» WHAT IS NEEDED
In the entries below, find the line with "Building Photo - 3006 Bradwood Ave" and the line with "Teren de vanzare Carcea"; reproduce those two lines and all lines between them exactly, without pictures.

===== INFORMATION

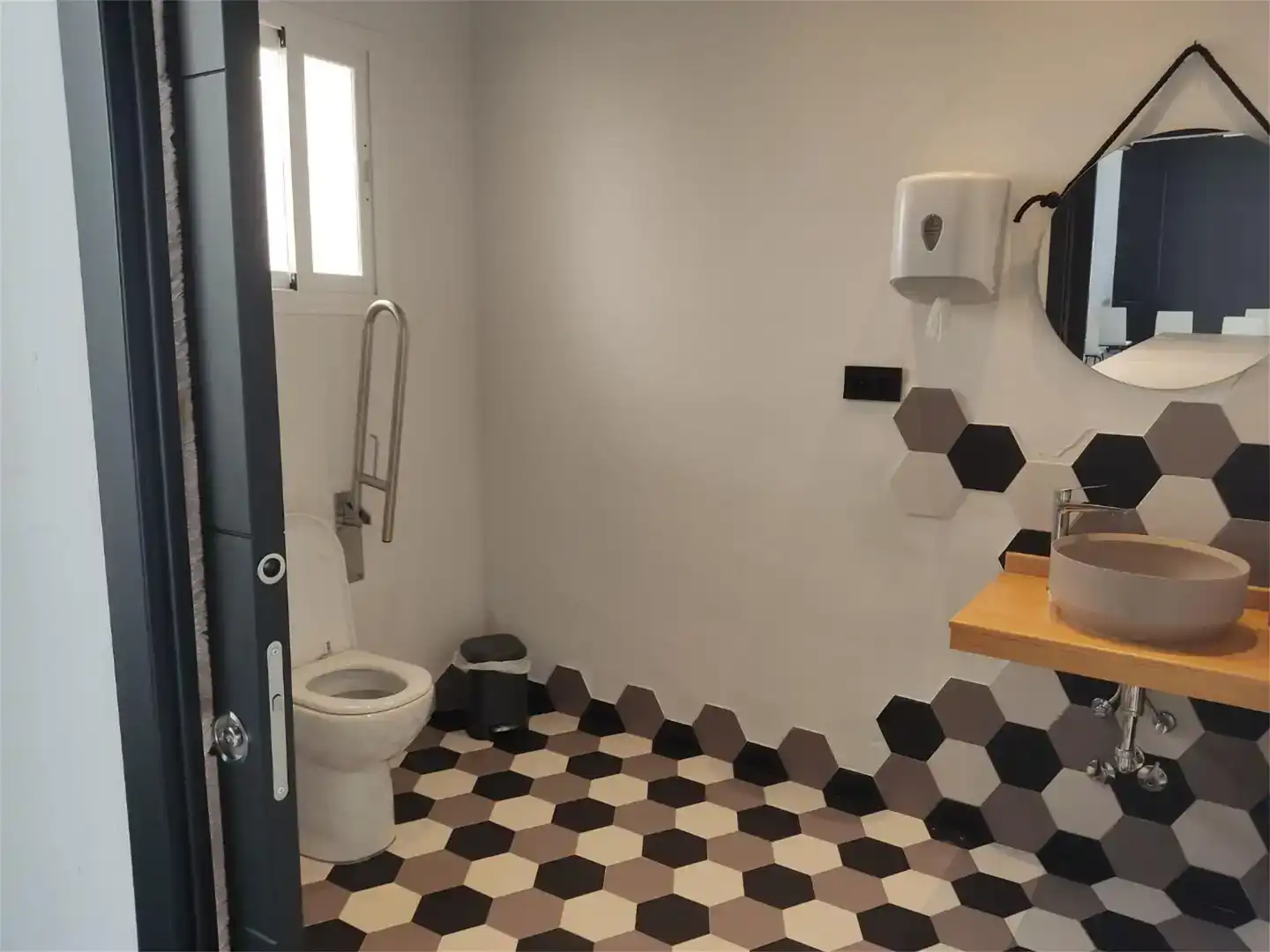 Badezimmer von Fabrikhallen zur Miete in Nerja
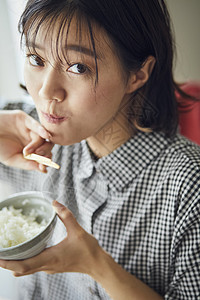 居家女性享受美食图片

==========
===== INFORMATION

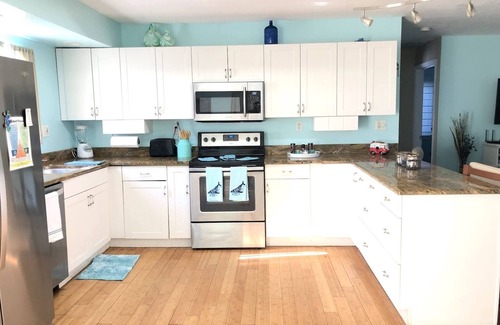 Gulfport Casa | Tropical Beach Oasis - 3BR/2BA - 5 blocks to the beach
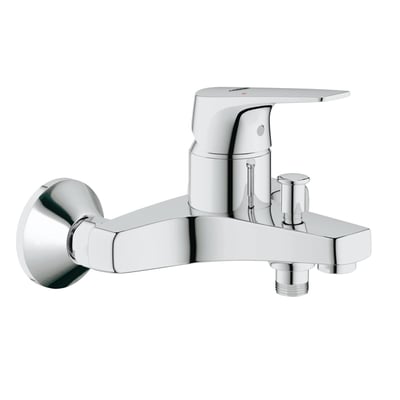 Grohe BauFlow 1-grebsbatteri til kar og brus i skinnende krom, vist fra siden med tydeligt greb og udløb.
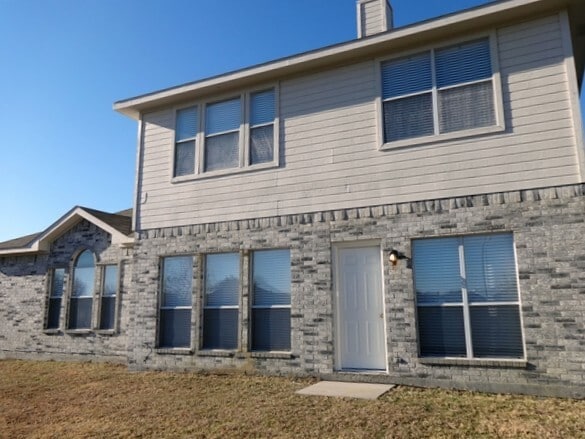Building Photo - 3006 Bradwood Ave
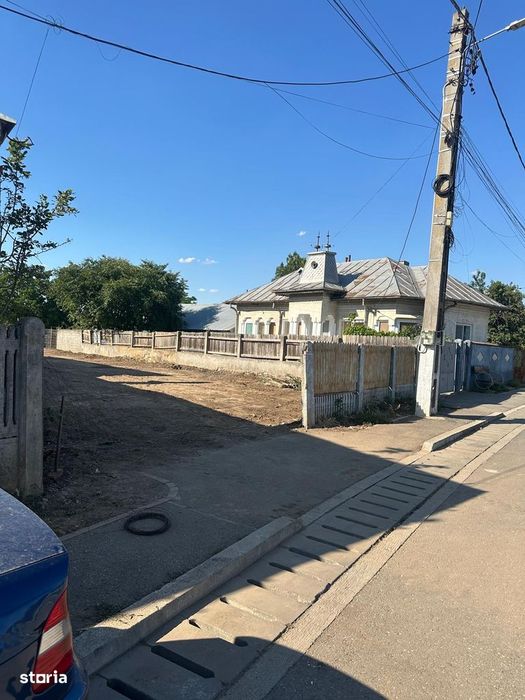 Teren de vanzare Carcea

==========

» RESULT OF THE TASK
Building Photo - 3006 Bradwood Ave
 Teren de vanzare Carcea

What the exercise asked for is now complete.